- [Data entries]

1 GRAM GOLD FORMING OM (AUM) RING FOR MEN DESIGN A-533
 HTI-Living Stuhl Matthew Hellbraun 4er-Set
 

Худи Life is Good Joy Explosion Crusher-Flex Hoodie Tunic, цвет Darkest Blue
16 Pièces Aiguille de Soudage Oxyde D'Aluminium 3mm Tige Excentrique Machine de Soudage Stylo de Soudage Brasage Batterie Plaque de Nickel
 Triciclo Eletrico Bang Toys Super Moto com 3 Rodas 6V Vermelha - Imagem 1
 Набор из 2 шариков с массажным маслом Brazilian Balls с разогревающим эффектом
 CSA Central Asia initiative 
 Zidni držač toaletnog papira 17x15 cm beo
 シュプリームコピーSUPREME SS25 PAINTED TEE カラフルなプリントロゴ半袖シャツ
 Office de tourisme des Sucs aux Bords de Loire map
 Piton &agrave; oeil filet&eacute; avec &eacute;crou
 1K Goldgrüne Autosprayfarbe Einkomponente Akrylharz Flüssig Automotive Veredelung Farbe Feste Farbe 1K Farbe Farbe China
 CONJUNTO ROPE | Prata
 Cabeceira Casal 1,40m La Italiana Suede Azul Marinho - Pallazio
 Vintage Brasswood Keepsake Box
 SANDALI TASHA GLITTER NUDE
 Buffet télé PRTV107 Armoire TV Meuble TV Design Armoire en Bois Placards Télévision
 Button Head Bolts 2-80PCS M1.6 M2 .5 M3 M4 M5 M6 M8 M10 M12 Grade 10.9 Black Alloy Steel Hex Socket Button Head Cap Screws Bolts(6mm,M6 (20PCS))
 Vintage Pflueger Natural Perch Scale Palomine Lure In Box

- [THE PROBLEM]
From the records above, pull every line that has the string "Vintage" and copy it.

- [ANSWER TO THIS TASK]
 Vintage Brasswood Keepsake Box
 Vintage Pflueger Natural Perch Scale Palomine Lure In Box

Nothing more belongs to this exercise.